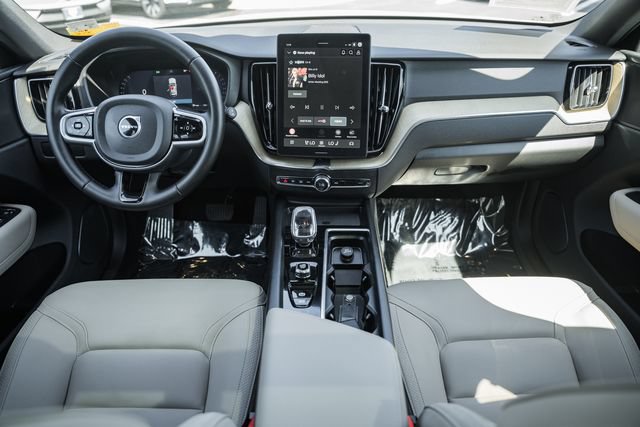 Certified 2026 Volvo XC60 B5 Plus AWD/4WD image 21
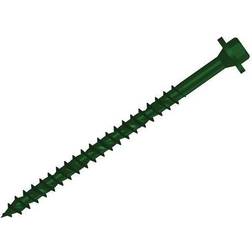 Forgefix FFTF7250 Hexagonal Compatible Timber T30 Screws Tub of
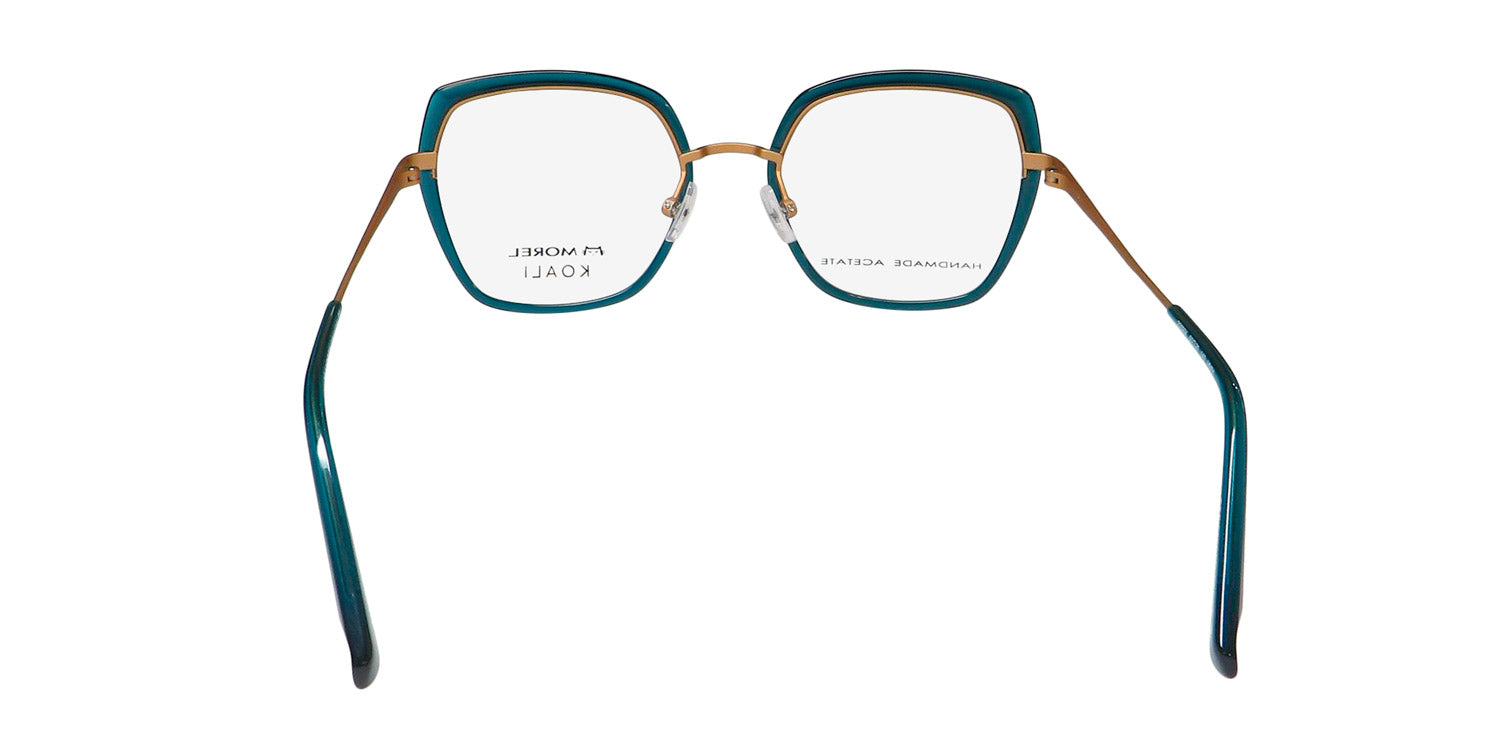 Koali 20096k Eyeglasses by ModaFrames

________________________________________

§ TASK REQUIREMENTS: From the first line to the last, write out the data exactly, dropping any pictures.

§ ANSWER FOR THIS EXERCISE:
 Certified 2026 Volvo XC60 B5 Plus AWD/4WD image 21
 Forgefix FFTF7250 Hexagonal Compatible Timber T30 Screws Tub of
 Koali 20096k Eyeglasses by ModaFrames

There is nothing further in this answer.